▸ REQUIRED WORK: Without the images, print every line of the material below exactly as given.

▸ AVAILABLE DATA:
****
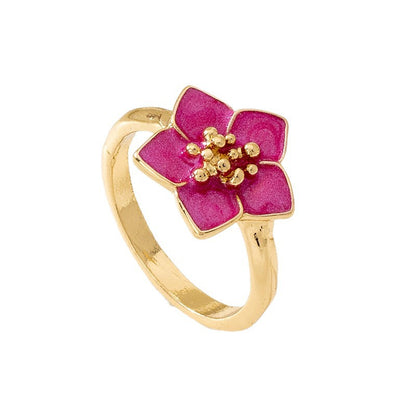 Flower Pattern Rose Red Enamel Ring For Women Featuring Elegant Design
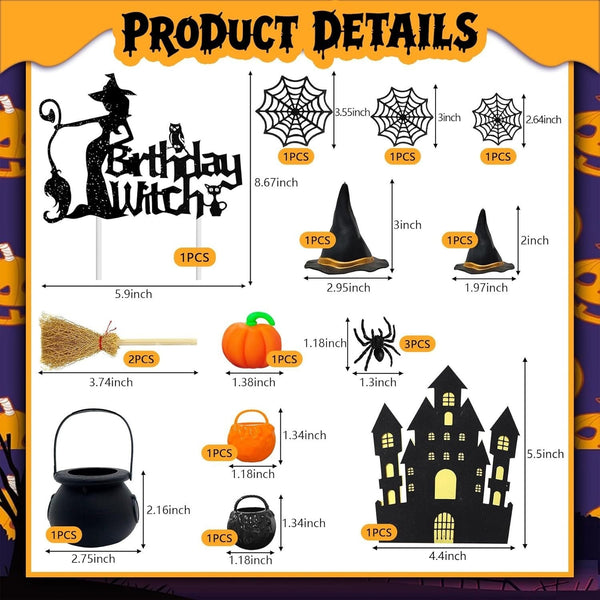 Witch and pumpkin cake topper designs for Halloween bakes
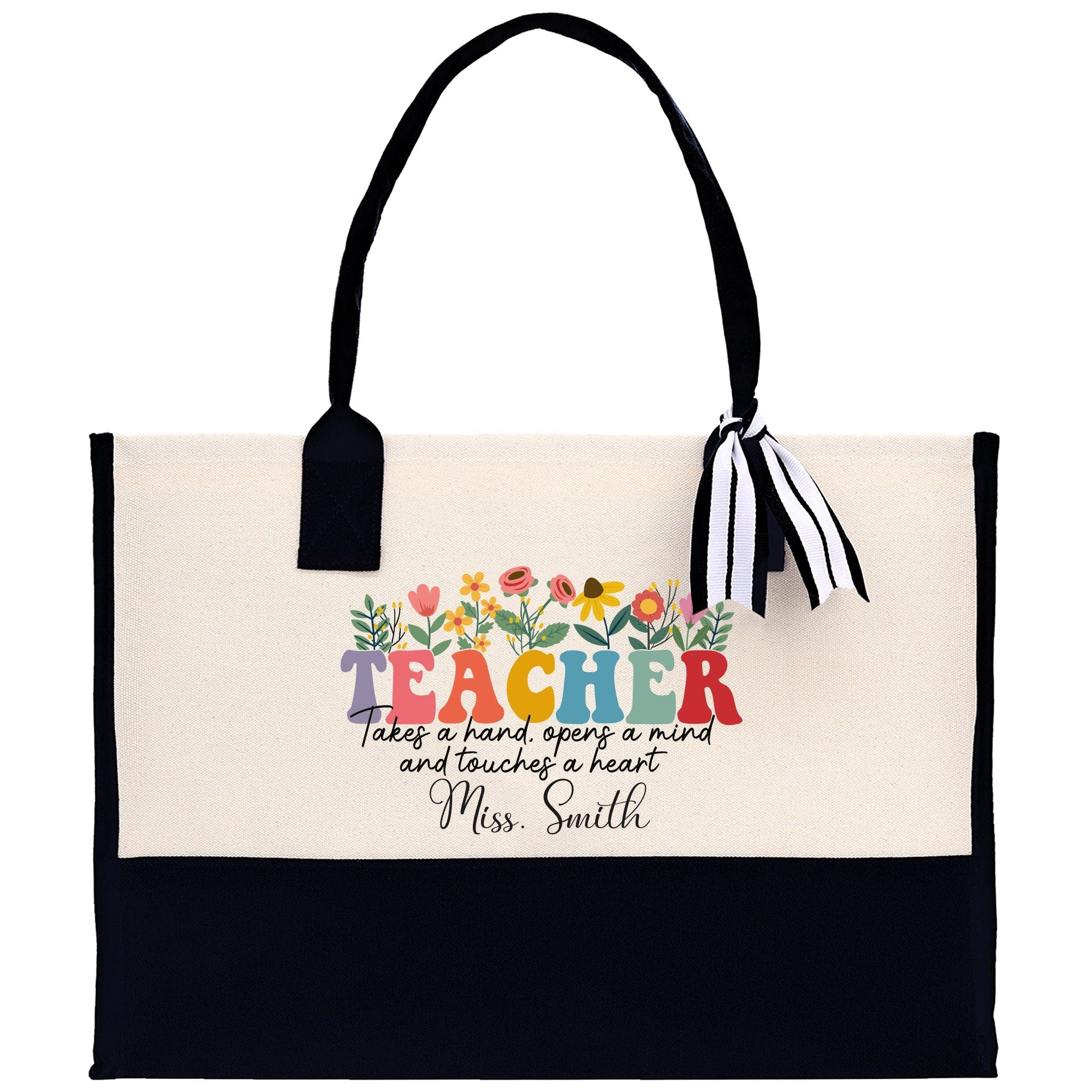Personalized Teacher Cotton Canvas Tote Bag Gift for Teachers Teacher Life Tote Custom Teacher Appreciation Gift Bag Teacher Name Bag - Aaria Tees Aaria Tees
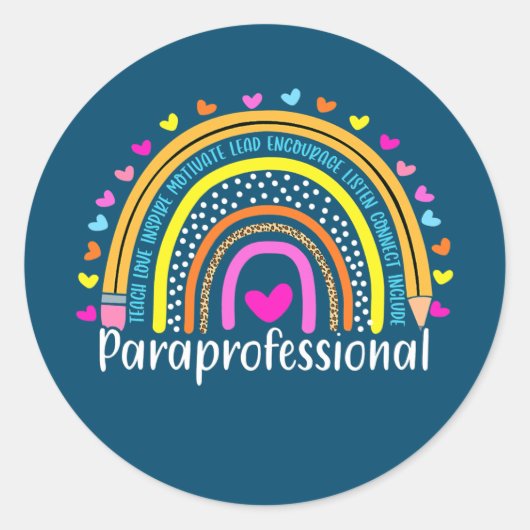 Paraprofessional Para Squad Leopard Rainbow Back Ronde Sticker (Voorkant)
****
▸ FINISHED EXERCISE:
 Flower Pattern Rose Red Enamel Ring For Women Featuring Elegant Design
 Witch and pumpkin cake topper designs for Halloween bakes
Personalized Teacher Cotton Canvas Tote Bag Gift for Teachers Teacher Life Tote Custom Teacher Appreciation Gift Bag Teacher Name Bag - Aaria Tees Aaria Tees
 Paraprofessional Para Squad Leopard Rainbow Back Ronde Sticker (Voorkant)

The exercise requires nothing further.